**How to complete this task:** Each record, minus any picture, should be returned exactly as written.

**Records to process:**

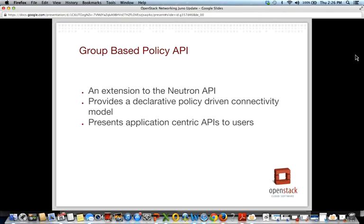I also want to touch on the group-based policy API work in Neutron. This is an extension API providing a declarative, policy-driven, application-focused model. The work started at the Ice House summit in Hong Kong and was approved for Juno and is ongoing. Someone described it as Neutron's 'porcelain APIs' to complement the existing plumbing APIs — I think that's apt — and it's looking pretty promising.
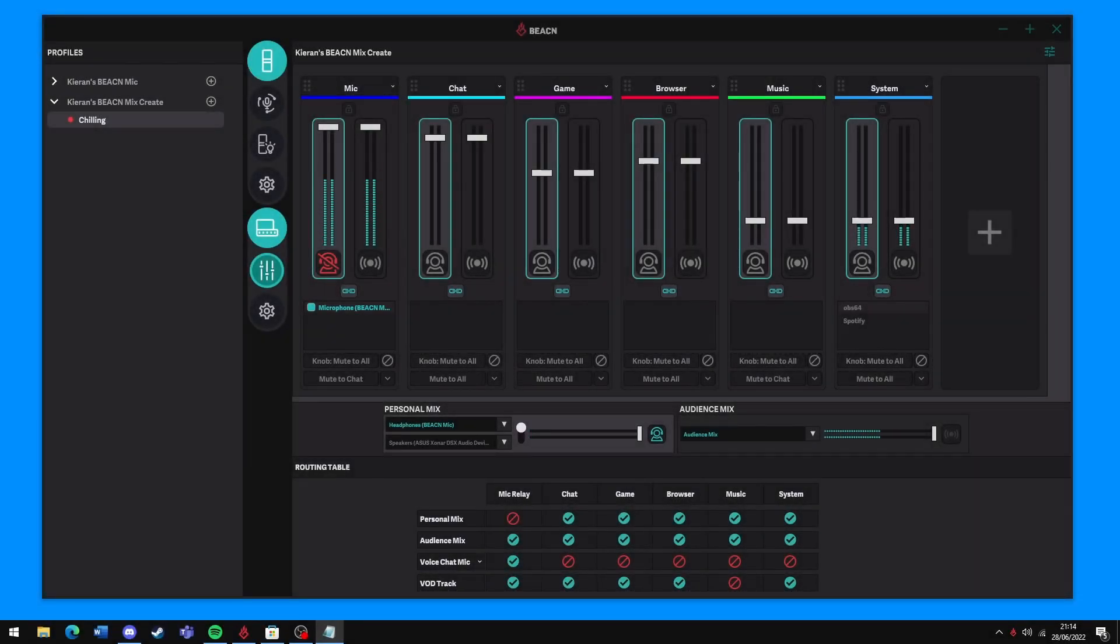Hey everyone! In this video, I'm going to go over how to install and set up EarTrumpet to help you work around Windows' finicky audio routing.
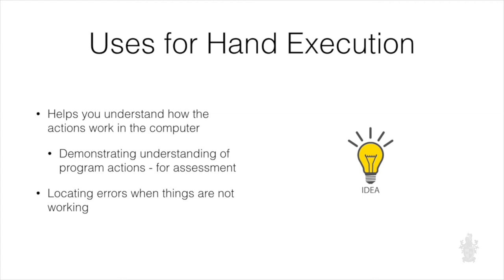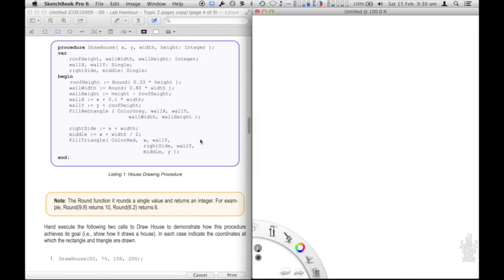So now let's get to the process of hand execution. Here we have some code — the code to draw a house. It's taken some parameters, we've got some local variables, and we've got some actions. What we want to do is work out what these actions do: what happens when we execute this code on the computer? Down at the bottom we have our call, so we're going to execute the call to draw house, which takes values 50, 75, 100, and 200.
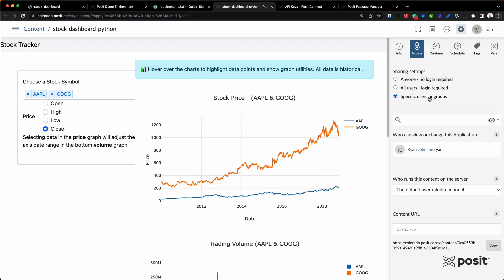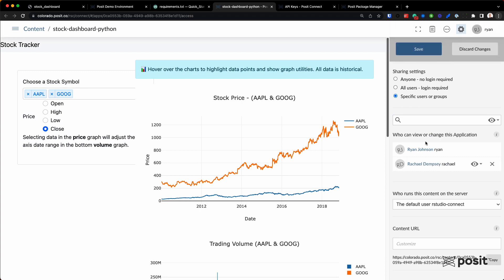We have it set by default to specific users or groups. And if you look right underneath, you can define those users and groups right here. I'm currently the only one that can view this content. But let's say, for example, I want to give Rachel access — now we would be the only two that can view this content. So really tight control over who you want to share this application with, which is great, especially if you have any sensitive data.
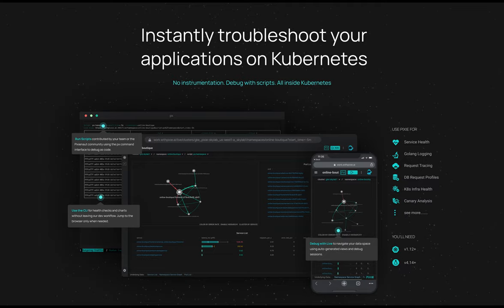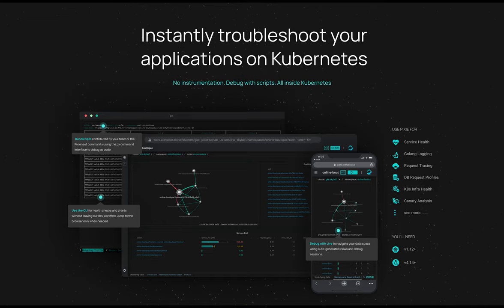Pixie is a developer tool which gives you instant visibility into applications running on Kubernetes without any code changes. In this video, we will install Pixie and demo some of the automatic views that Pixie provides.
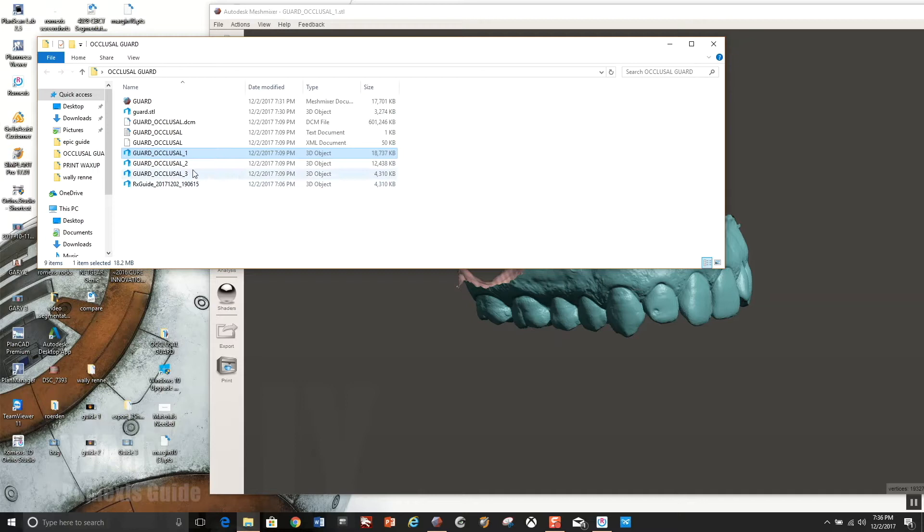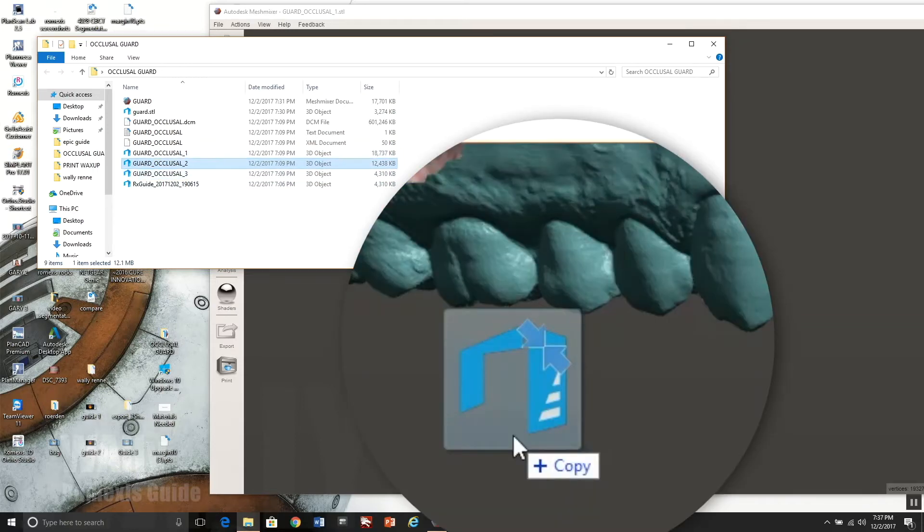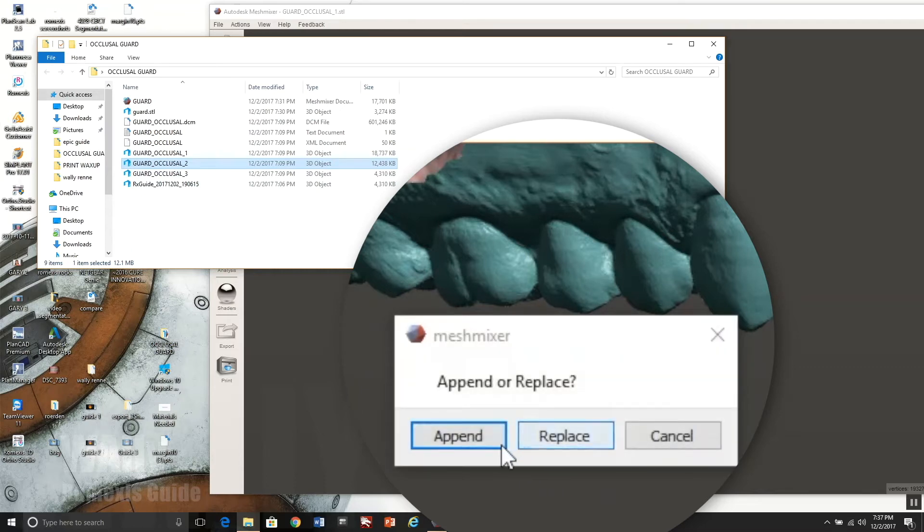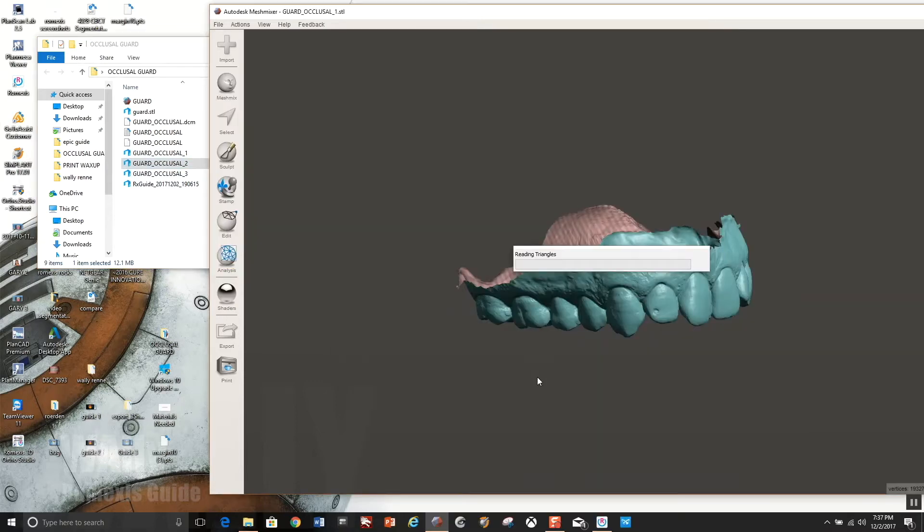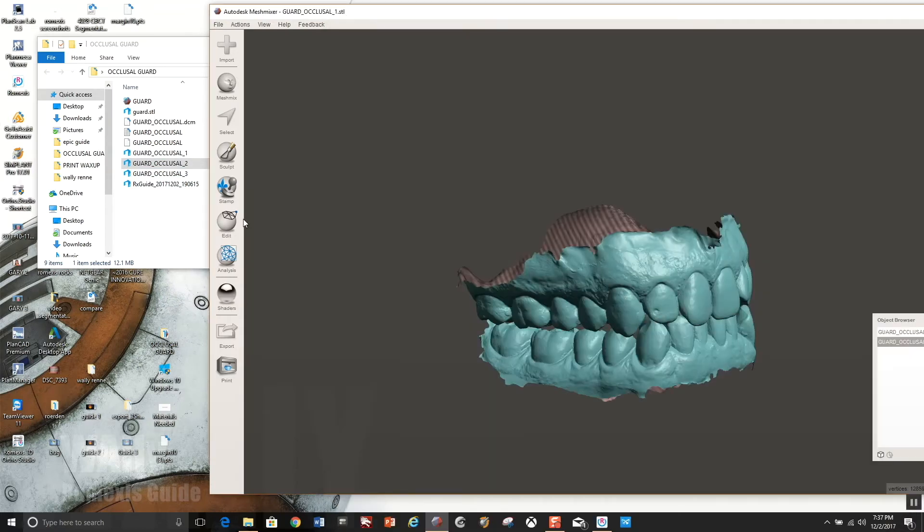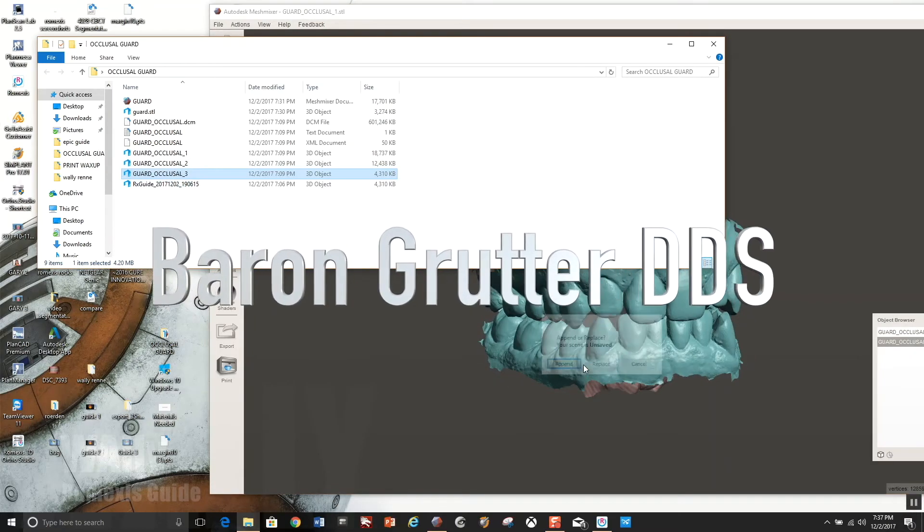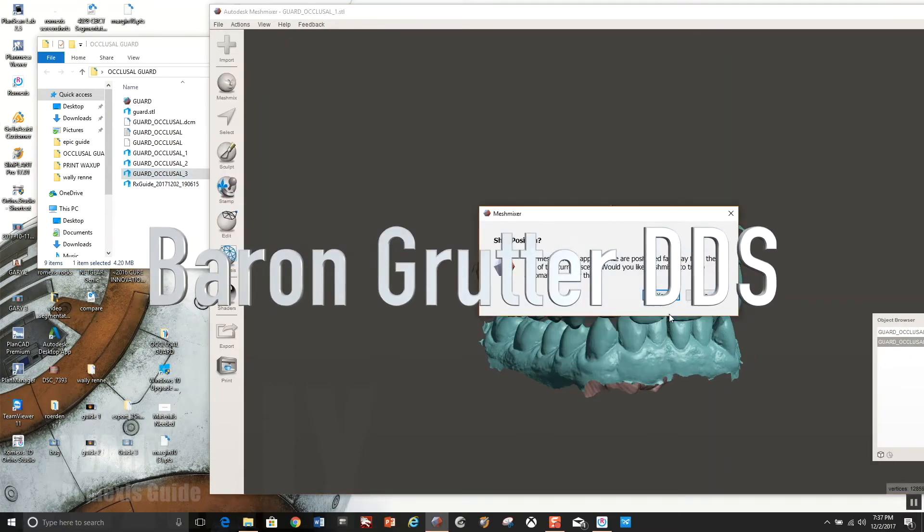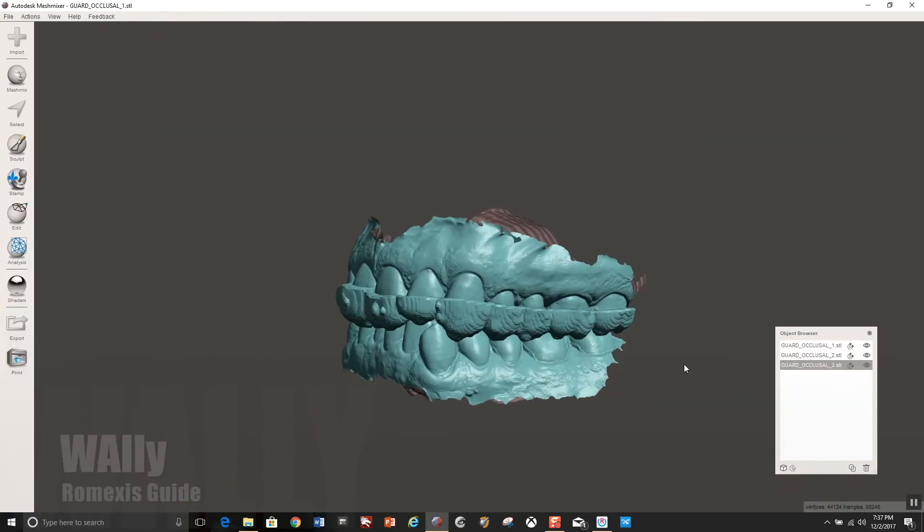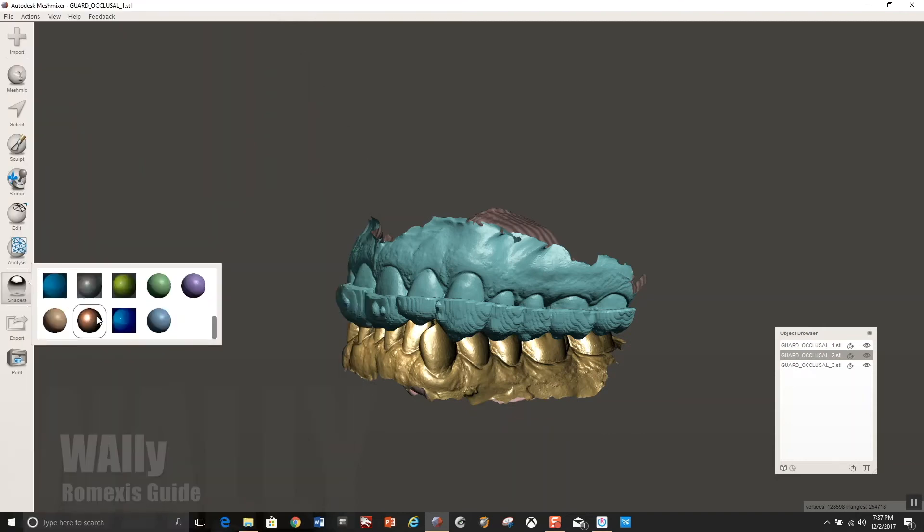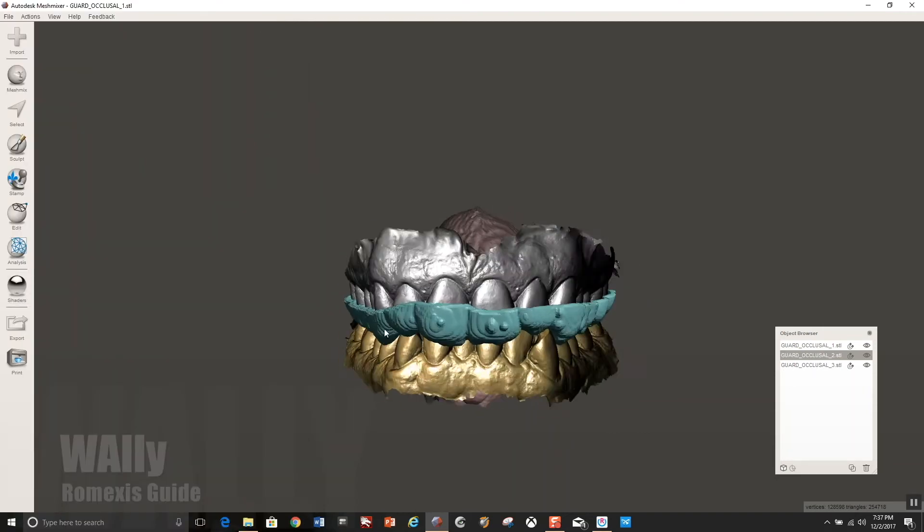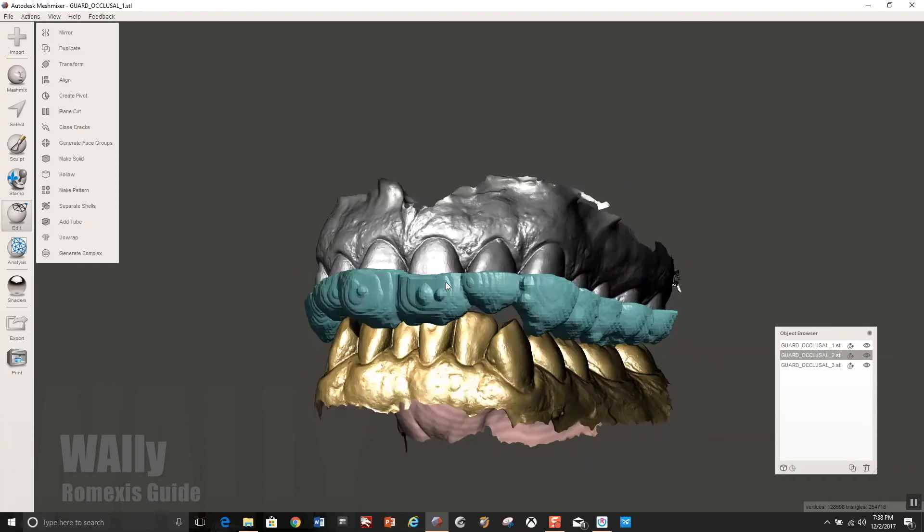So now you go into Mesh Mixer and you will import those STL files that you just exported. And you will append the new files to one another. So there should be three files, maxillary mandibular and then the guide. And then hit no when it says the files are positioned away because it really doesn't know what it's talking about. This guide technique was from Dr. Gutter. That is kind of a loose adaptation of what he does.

**Task output:**
I also want to touch on the group-based policy API work in Neutron. This is an extension API providing a declarative, policy-driven, application-focused model. The work started at the Ice House summit in Hong Kong and was approved for Juno and is ongoing. Someone described it as Neutron's 'porcelain APIs' to complement the existing plumbing APIs — I think that's apt — and it's looking pretty promising.
Hey everyone! In this video, I'm going to go over how to install and set up EarTrumpet to help you work around Windows' finicky audio routing.
So now let's get to the process of hand execution. Here we have some code — the code to draw a house. It's taken some parameters, we've got some local variables, and we've got some actions. What we want to do is work out what these actions do: what happens when we execute this code on the computer? Down at the bottom we have our call, so we're going to execute the call to draw house, which takes values 50, 75, 100, and 200.
We have it set by default to specific users or groups. And if you look right underneath, you can define those users and groups right here. I'm currently the only one that can view this content. But let's say, for example, I want to give Rachel access — now we would be the only two that can view this content. So really tight control over who you want to share this application with, which is great, especially if you have any sensitive data.
Pixie is a developer tool which gives you instant visibility into applications running on Kubernetes without any code changes. In this video, we will install Pixie and demo some of the automatic views that Pixie provides.
So now you go into Mesh Mixer and you will import those STL files that you just exported. And you will append the new files to one another. So there should be three files, maxillary mandibular and then the guide. And then hit no when it says the files are positioned away because it really doesn't know what it's talking about. This guide technique was from Dr. Gutter. That is kind of a loose adaptation of what he does.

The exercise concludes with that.